WORK ITEM:
In this exercise, print only the lines from the line with "Indulge in luxury" to the last line of the data below, inclusive. Any pictures should be left out.
Top of DATA FOR THIS TASK
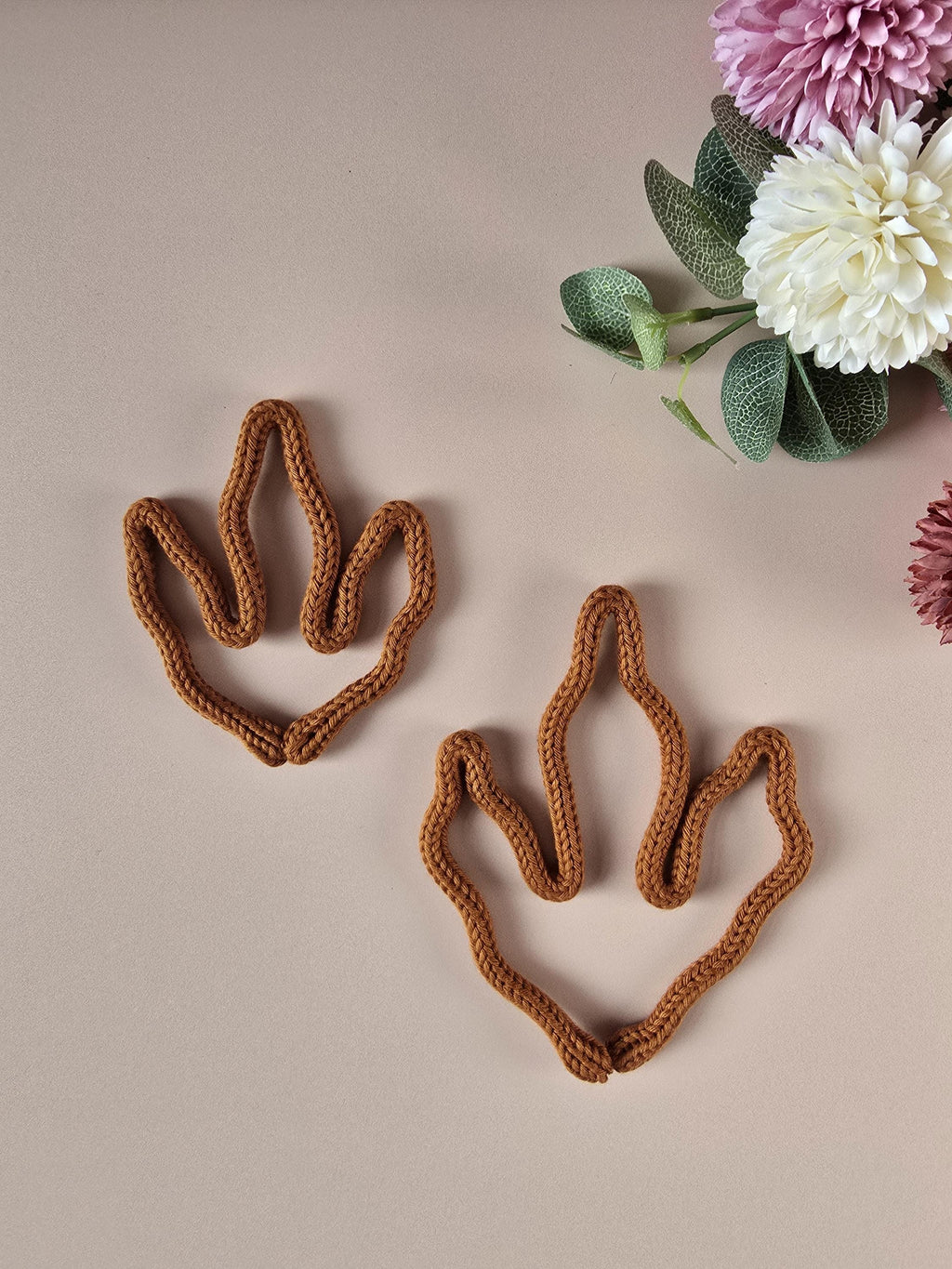 Handmade knitted wire dino paw wall decor in brown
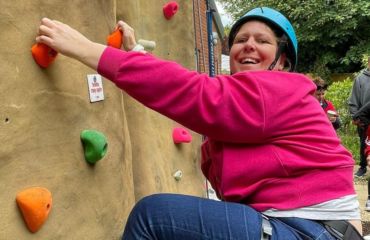 Lady smiling on the climbing wall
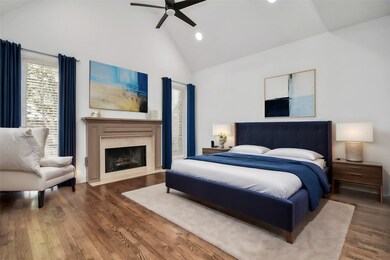 Indulge in luxury as you get cozy in the primary bedroom suite featuring gas-log fireplace and hardwood flooring adding a touch of warmth and charm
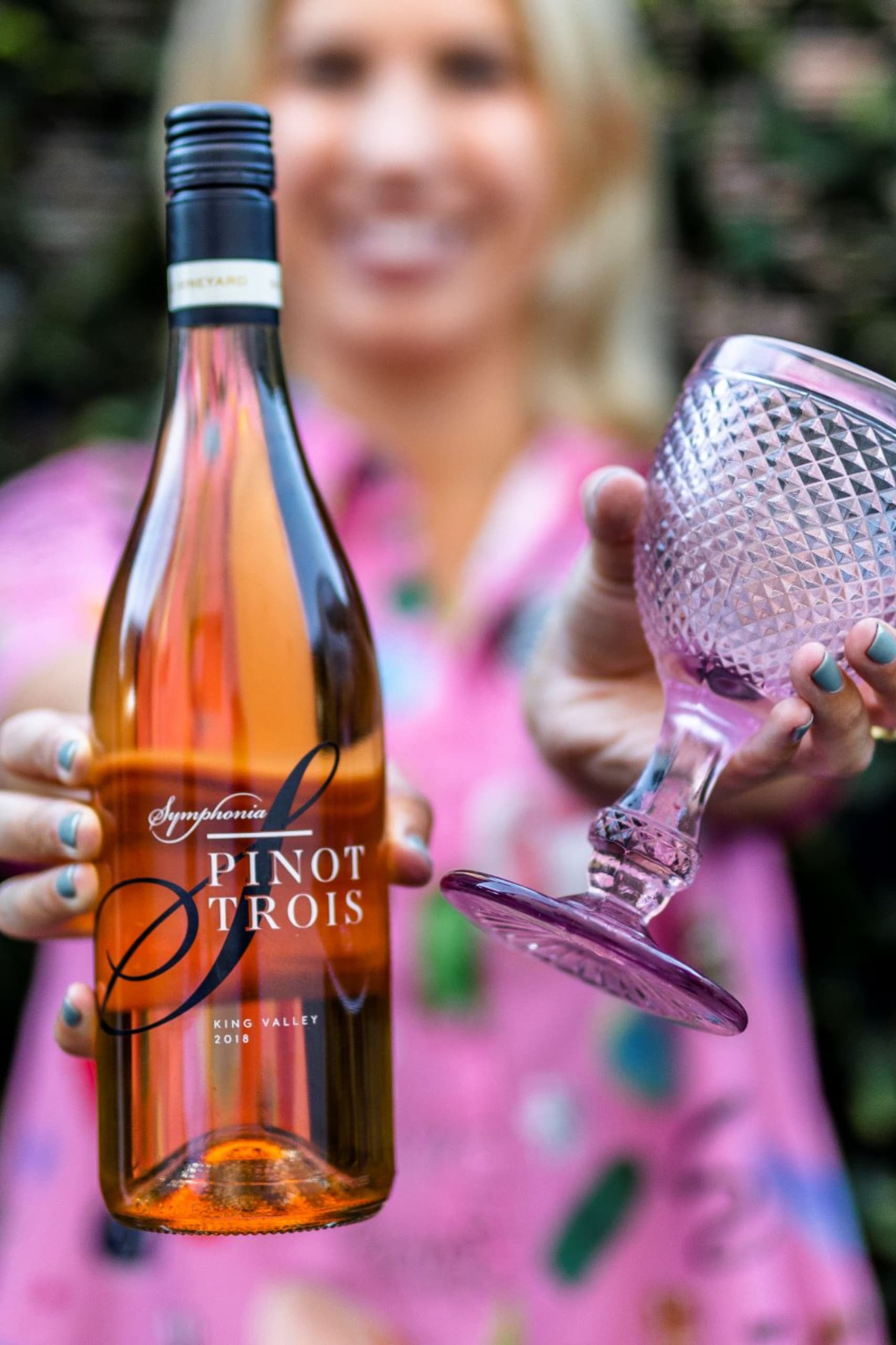 A woman holding a bottle of Pinot Trois from Symphonia Wines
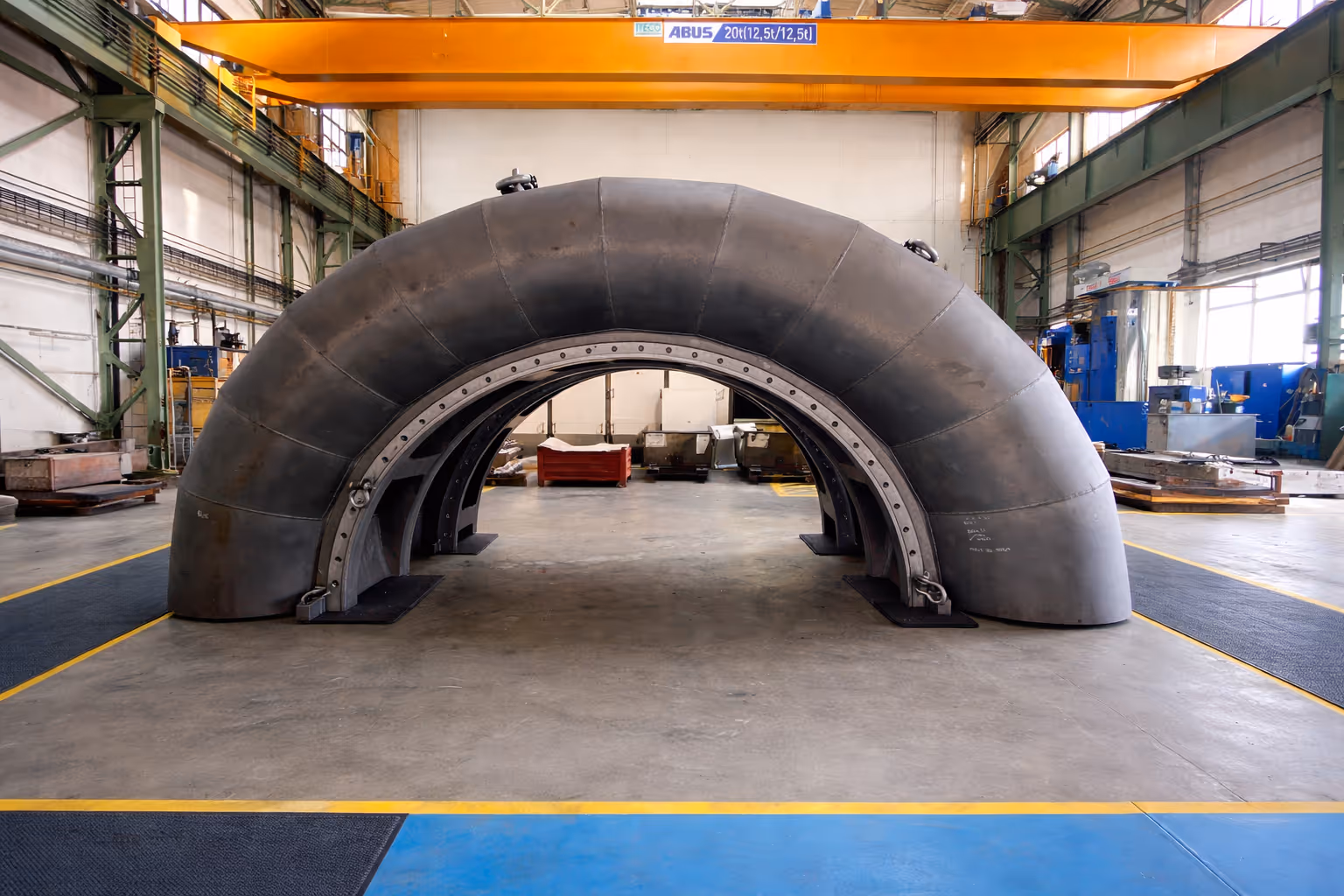 Workshop worker at a large metal industrial plant or machine on a concrete floor.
Bottom of DATA FOR THIS TASK
EXPECTED OUTPUT:
 Indulge in luxury as you get cozy in the primary bedroom suite featuring gas-log fireplace and hardwood flooring adding a touch of warmth and charm
 A woman holding a bottle of Pinot Trois from Symphonia Wines
 Workshop worker at a large metal industrial plant or machine on a concrete floor.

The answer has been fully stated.